Conversations around what should replace the Millennium Development Goals (MDGs) after 2015 are now well under way and the recent UN Special Event on the MDGs and Post-2015 was a significant milestone in the process.
For the Bond Beyond 2015 UK group - part of a global civil society campaign with 800 members in over 100 countries - the importance of listening to the most marginalised cannot be underestimated. If the post-2015 conversation is to be truly legitimate, civil society must be meaningfully engaged every step of the way. Negotiators must understand that unless the new framework is ‘owned’ by communities and people around the world who are directly affected by poverty and injustice, its impact will be limited.
The process is relatively complex, but there has been considerable effort to ensure that it is also consultative. In 2012, the UN Secretary General appointed a High-Level Panel on the Post-2015 Development Agenda, and with limited time and resources, there was a significant outreach effort. The panel’s report has been, for the most-part, well received by civil society. Whilst it could have been stronger on issues such as income inequality and human rights, many groups were able to identify their contributions in the document. An even wider consultation overseen by the UN Development Group meant that over a million people shared their views on ‘the world they want’.
Drawing on these and other inputs, the UN Secretary-General presented his report to the UN General Assembly (GA), ‘calling for a single, universal and coherent development agenda to end poverty and achieve sustainable development and economic growth’. This narrative has been supported by GA in its own Outcome Document, which sketches out the process between now and September 2015. The document calls for a single framework, which integrates the economic, social and environmental pillars of sustainable development. It also calls for goals to be ‘universal in nature and applicable to all countries’ and to promote ‘peace and security, democratic governance, the rule of law, gender equality and human rights for all’. The inclusion of some structural issues is a positive shift towards tackling both the root causes and the symptoms of poverty, something several Bond Beyond 2015 UK members have been calling for.

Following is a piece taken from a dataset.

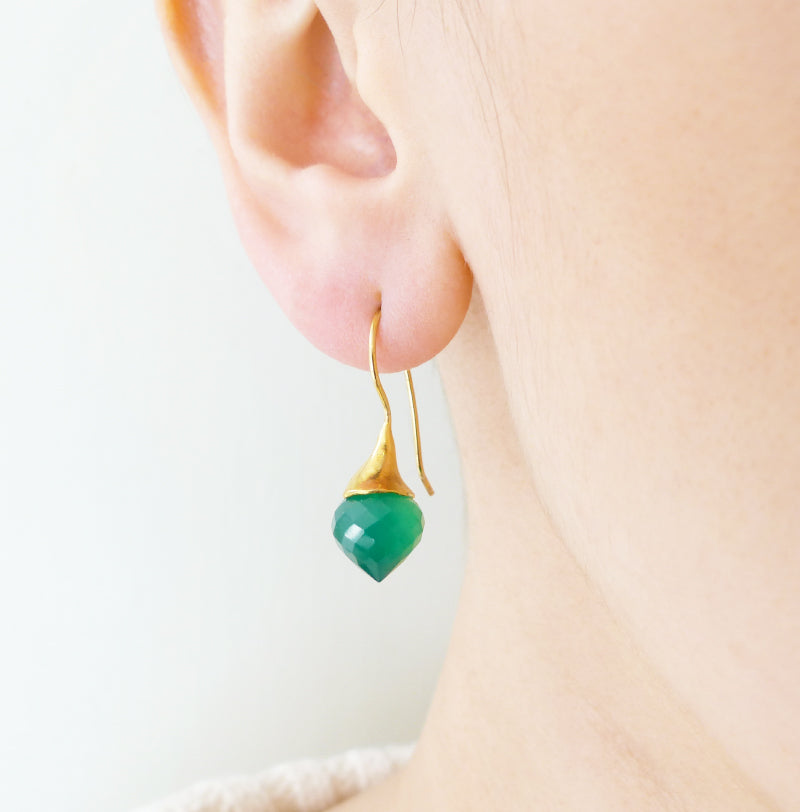 Green Amethyst Gold Earrings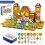 (Ranch 100pcs)Castello delle Fiabe e Natale Puzzle Magnetico Set per Bambini Gioco Creativo 1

Over the next year, civil society will keep an eye on potential opportunities for engagement. The President of the GA will convene six events to “set the stage” for the post-2015 agenda. Alongside this are several processes that were agreed at the Rio+20 conference, such as the Open Working Group (OWG) on Sustainable Development Goals. The OWG is set to report by September 2014, though it is not yet clear how inputs from member states will be condensed into recommendations and how civil society will be involved.
For Beyond 2015, which held 39 national deliberations, the post-2015 framework must be underpinned by the four pillars of: human rights; equality & justice; environmental sustainability; and good governance, participation & accountability. In addition to these themes, development organisations call for a truly universal agenda, one that brings countries together in a common pursuit, but with different, respective responsibilities to act.
The ‘content-generation’ phase of the post-2015 process should come to a close at the September 2014 GA meeting. After that the Secretary-General will produce a report which synthesises the full range of inputs available. Member states will then enter a phase of intergovernmental negotiations, which will culminate in a summit in September 2015, when world leaders will gather in New York to agree a much-awaited set of new global development goals.
The process signals a paradigm shift in the way development is delivered – a way that is defined collectively and which empowers those who matter most. We fear that the voices of civil society and the most marginalised could become side-lined as the process progresses, and that some of the more politically sensitive issues could be dropped. As a result, the modalities of future meetings and negotiations are incredibly important, as is the willingness of governments to engage with civil society at national level. The challenges of poverty eradication and sustainable development require a bold new approach and it is only by working together, that we have a chance of achieving our objectives.
Helen Dennis is Senior Adviser Poverty & Inequality at Christian Aid and co-chair of Bond Beyond 2015 UK. Mariana Rudge is Post-2015 Advocacy Adviser at Bond. Bond hosts the ‘UK Hub’ of the Beyond 2015 campaign.